Trump suspende ataques a Irán por cinco días tras diálogo "positivo"
Trump baja la tensión y suspende ataques en plena escalada bélica
En un giro inesperado en medio de la escalada bélica en Medio Oriente, el presidente de Estados Unidos, Donald Trump, anunció la suspensión temporal de los ataques militares contra Irán por un período de cinco días, tras mantener lo que calificó como conversaciones “muy buenas y productivas”.
El mandatario informó la decisión a través de su red social Truth Social, donde aseguró que las negociaciones están orientadas a lograr una “resolución completa y total” del conflicto. Según indicó, los diálogos continuarán durante los próximos días.
La pausa en las operaciones militares se da en un contexto de máxima tensión. Apenas 48 horas antes, Trump había lanzado un ultimátum exigiendo la reapertura del estratégico estrecho de Ormuz, bajo amenaza de intensificar los ataques contra infraestructura energética iraní.
Desde Teherán, la respuesta había sido contundente.

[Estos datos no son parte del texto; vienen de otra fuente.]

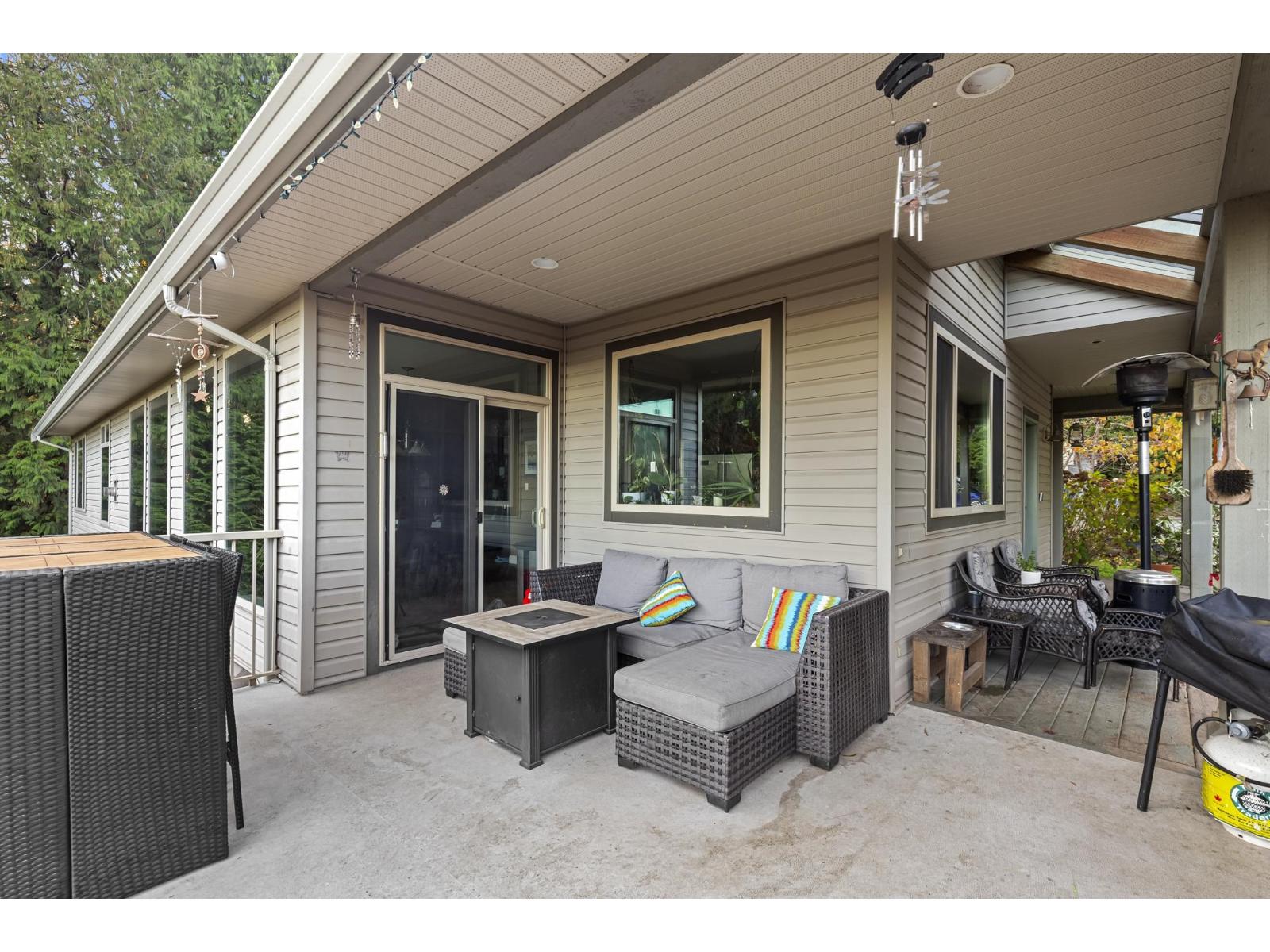 31730 Viewcrest Avenue, Mission, British Columbia  V4S 1E7 - Photo 25 - R3075315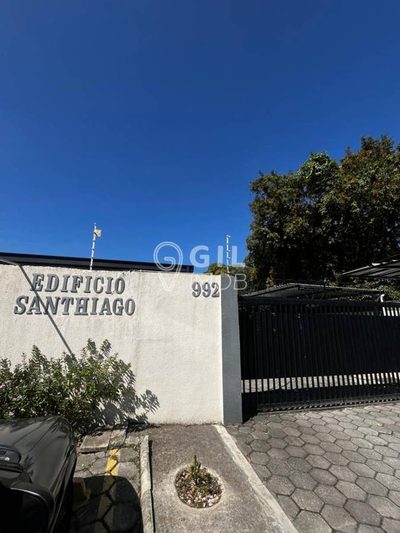 Apartamento, 2 quartos, 64 m² - Foto 1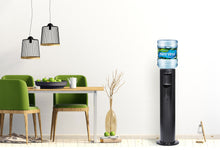 Laadige pilt galeriivaatajasse, Slim COOL rent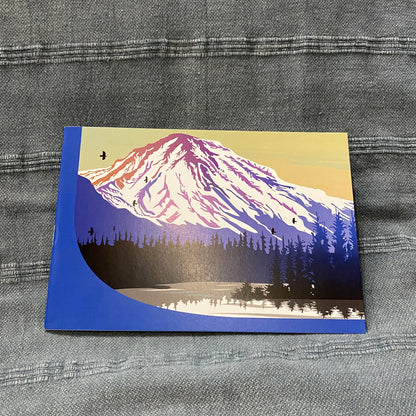 Indigenous Collection - Notebooks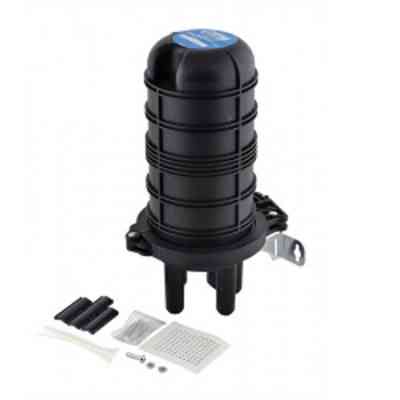 Муфта оптична Crosver FOSC-SPL039/24-1-12 Вінниця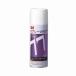 �X���[�G���W���p�� 3M �X�v���[�̂� 77 �������ޗ��̐ڒ��@(430ml)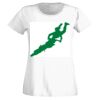 T-shirt  Lady Fit Thumbnail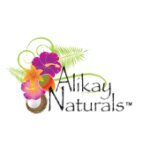 Alikay Naturals coupons and promo codes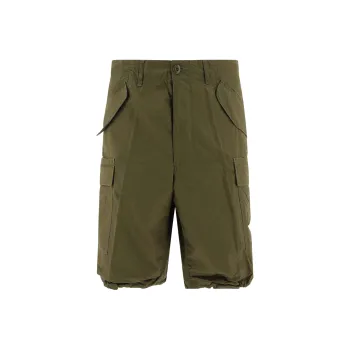 Beams Plus Mil Shorts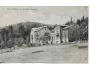 HOTEL PROKOP-ŠPIČÁK /ŠUMAVA / r.1930 / M369-38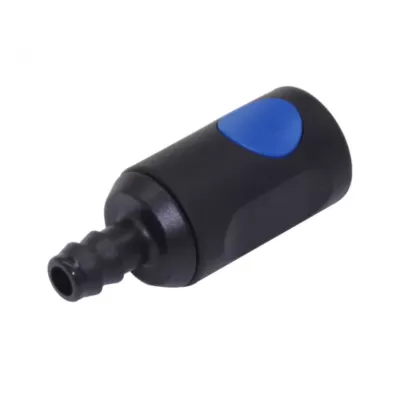 SZYBKOZŁĄCZE ŻEŃSKIE (10mm) AQ BFS systemu uzupełniania wody (nawadniania baterii trakcyjnej)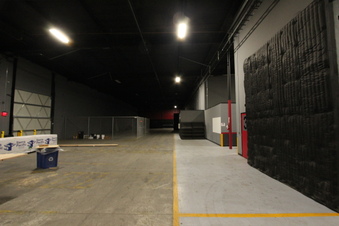 Enlarge photo 14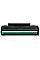 Картридж Pantum PC-211P M6500/M6500W/M6550NW/M6607NW, P2207/P2507/P2500W/P2500NW (1600стор)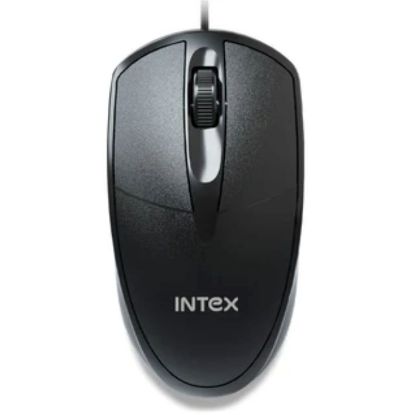 Picture of INTEX  ECO 6+ MOUSE ZOOM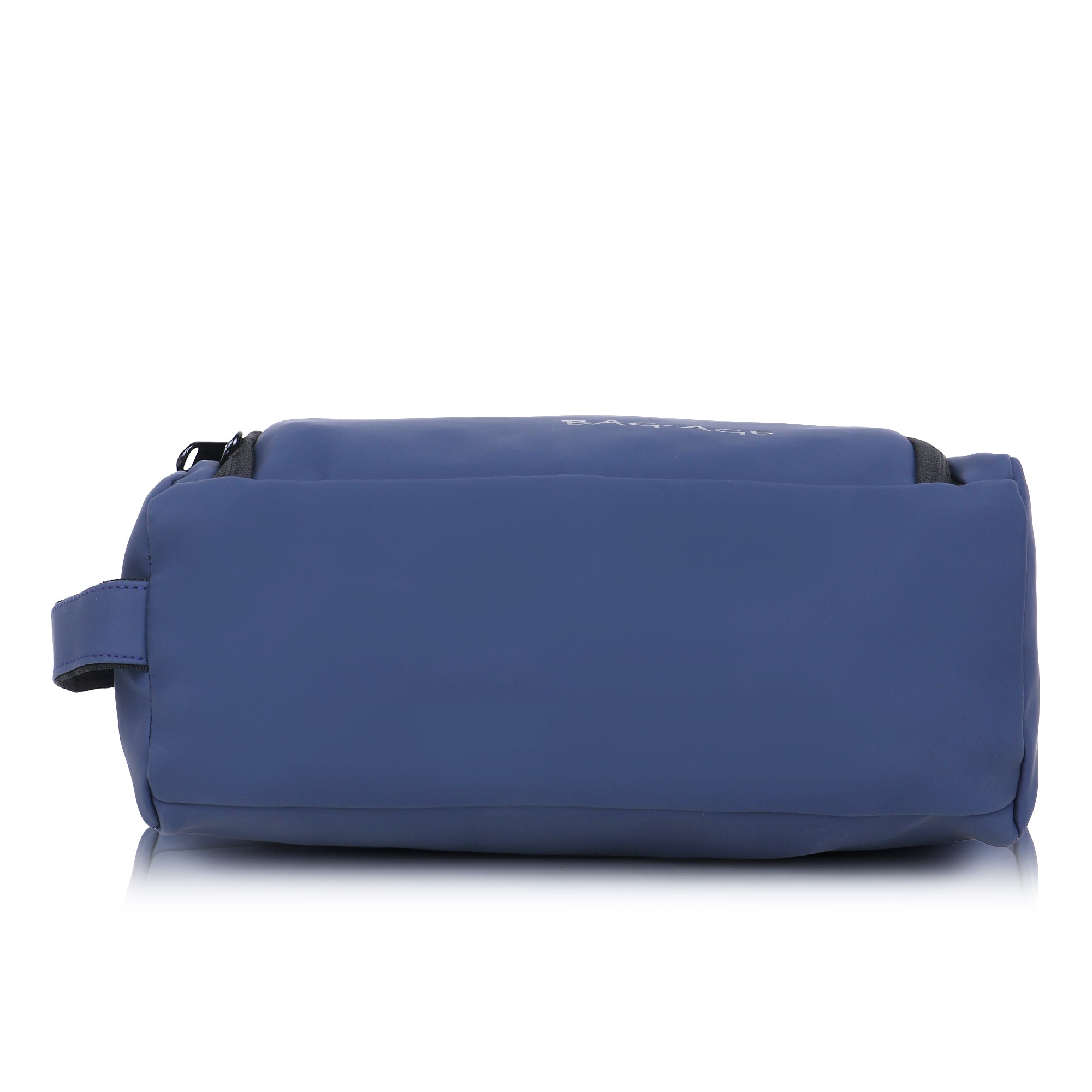 6003 Pouch - Navy Blue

La Guardia Revolucionaria advirtió sobre posibles ataques a instalaciones vinculadas a Estados Unidos, mientras que el presidente del parlamento iraní, Mohammad Bagher Qalibaf, incluso señaló como posibles objetivos infraestructuras críticas en países del Golfo.
El conflicto, que ya lleva cuatro semanas desde su inicio el 28 de febrero, ha dejado más de 2.000 muertos y múltiples episodios de extrema violencia, incluyendo bombardeos a instalaciones energéticas y ataques en distintas zonas estratégicas de la región.

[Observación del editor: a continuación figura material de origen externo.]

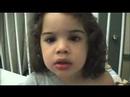 Sara Hospital 2005
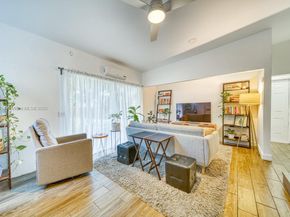 13801 NE 1st Ave, Miami FL 33161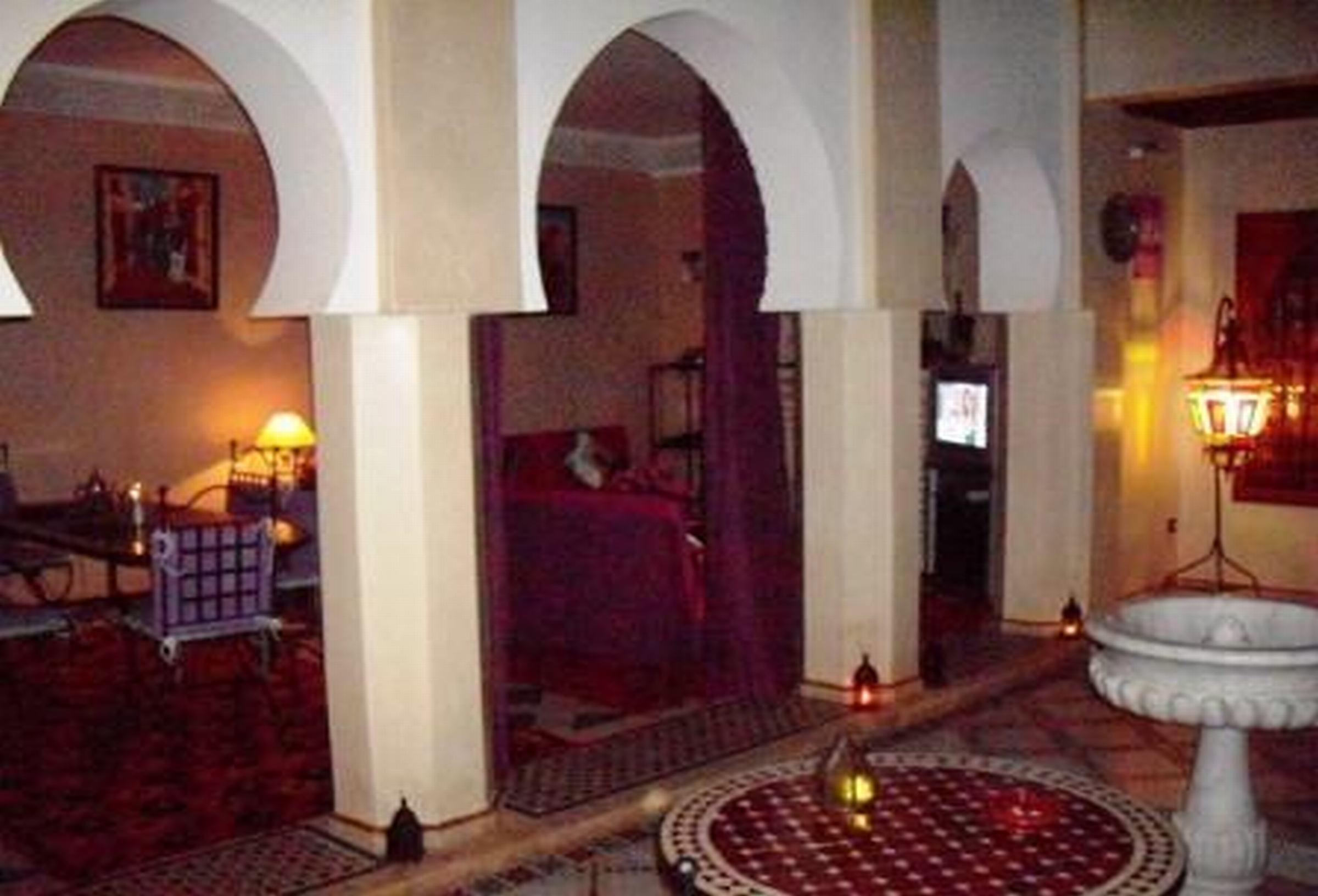 Dubai 3*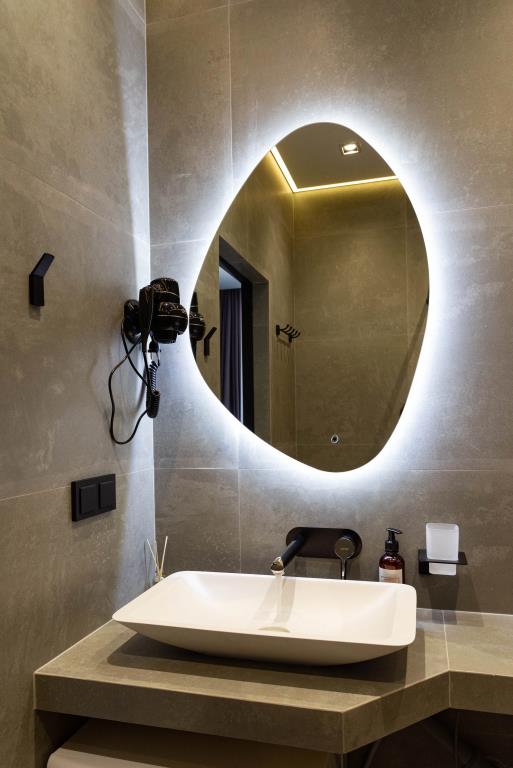 Saltykov Agoy Resort Apartment 0*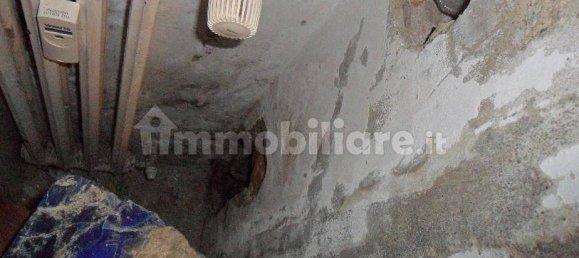 Apartamento de 3 divisões em Florence, Italy N.º 375675 3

En paralelo, Israel confirmó una nueva ola de ataques sobre objetivos en Teherán, mientras Irán advirtió que podría minar el Golfo Pérsico si continúan las agresiones, lo que pondría en riesgo el tránsito marítimo internacional.
Las consecuencias del conflicto ya se sienten a nivel global. El precio del petróleo registró fuertes subas, impulsado por la incertidumbre en torno al estrecho de Ormuz, por donde circula una parte significativa del suministro energético mundial.

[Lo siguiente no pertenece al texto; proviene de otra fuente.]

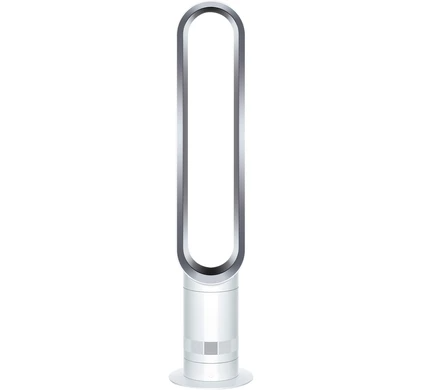 Dyson AM07 kopen tijdens black friday vergelijk hier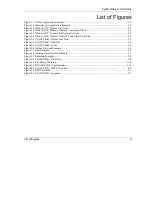 Preview for 11 page of ZyXEL Communications ZyXEL ZyAIR B-220 User Manual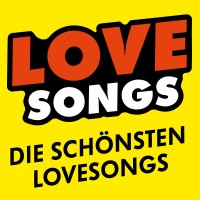 antenne-vorarlberg-love-songs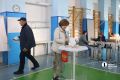 Избирком озвучил окончательную явку на выборах в Челябинской области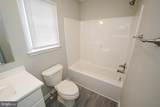 2007 Old Mill Drive - Photo 37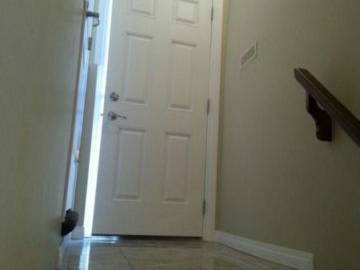 Chambre Chez L'habitant Calgary 128001-5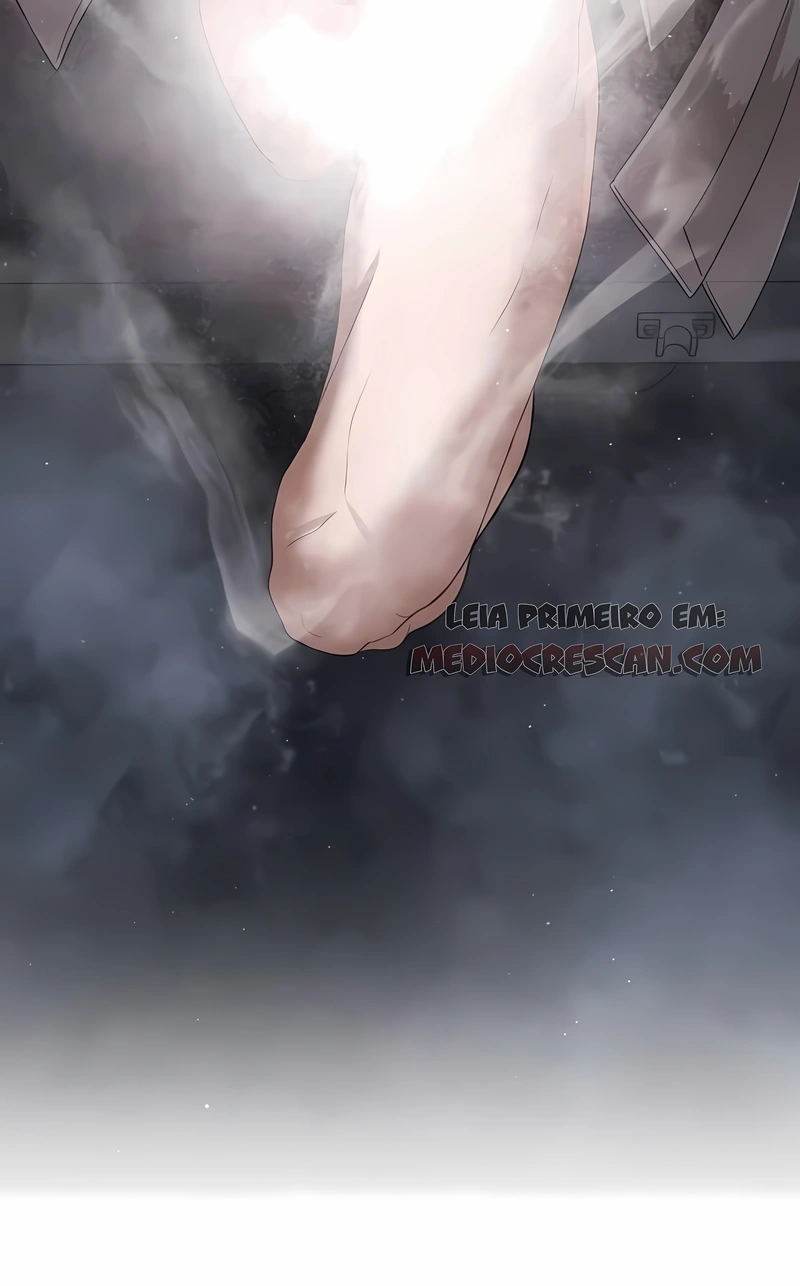Special Civil Servant Capítulo 54 Página 3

Desde la Agencia Internacional de Energía advirtieron sobre una posible crisis energética global sin precedentes en décadas, mientras que organismos internacionales alertan por el impacto económico en países en desarrollo.
Pese a este escenario crítico, el anuncio de Trump representa la primera señal concreta de distensión desde el inicio de las hostilidades, aunque su continuidad dependerá del avance de las negociaciones en curso.